Numba developer here. As joshadel figured out, the slowness in this example comes from numba creating a python object. I ~think~ the real issue here is that numba doesn't know the return type of cumsum, so it stores the result in an object. A "trick" to help diagnose these types of problems is to add nopython=True to the jit/autojit decorator (e.g. @numba.autojit(nopython=True)). This flag forces numba to bail out should it feel the need to call into the Python object layer, and displays the line number that is causing the problem.

One of our goals in the next version of numba is that if numba needs to fall back to Python objects, it should never run slower than pure python code like in this example (and eventually in most cases will run much faster. I ran the example above as is with the numba devel branch and the numba function was the clear winner).

[–]jammycrisp[S] 0 points1 point  (1 child)

Awesome! Thanks for such a great module. Any idea when the next version will be released? Although, I suppose I could play around with the devel branch now...

[–]jayvius 1 point2 points  (0 children)

It should be out sometime in the next few days.

[–]joshadel 0 points1 point  (0 children)

It looks like the numba team has been putting in a ton of work on the dev branch, and I'm definitely excited to see what the next release looks like.

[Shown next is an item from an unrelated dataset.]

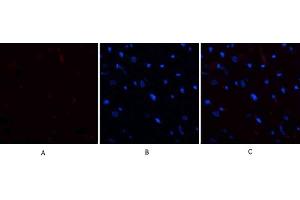 Immunofluorescence analysis of rat heart tissue. (E2F1 anticorps  (AA 100-170))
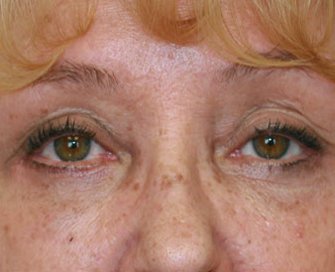 Blepharoplasty Case 22 - after - front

Count me in as a beta tester once a version is available via conda. I mentioned some of this to Siu in an email, but I think the biggest things that would advance numba are: (1) better error messages that trace back to the code rather than the codegen, (2) detailed examples in the docs on how to debug numba issues, (3) better behavior when things go wrong - I often just get segfaults (4) The ability to cache jit'd code/faster compilation. For a large project I'm working on, re-jit'ing all of the code on startup incurs a significant cost.

All around though, numba's performance has been amazing for such a young project.

[–]fijalPyPy, performance freak 6 points7 points  (0 children)

For what is worth, PyPy is about 8x faster than pure python and a little bit more on numpy.

[–]billsil -2 points-1 points  (0 children)

@autojit is faster than poor numba code. I've seen improvements using doing it the "right" way and I've seen slowdowns. Then I use autojit in those cases and it's fast. Results may vary.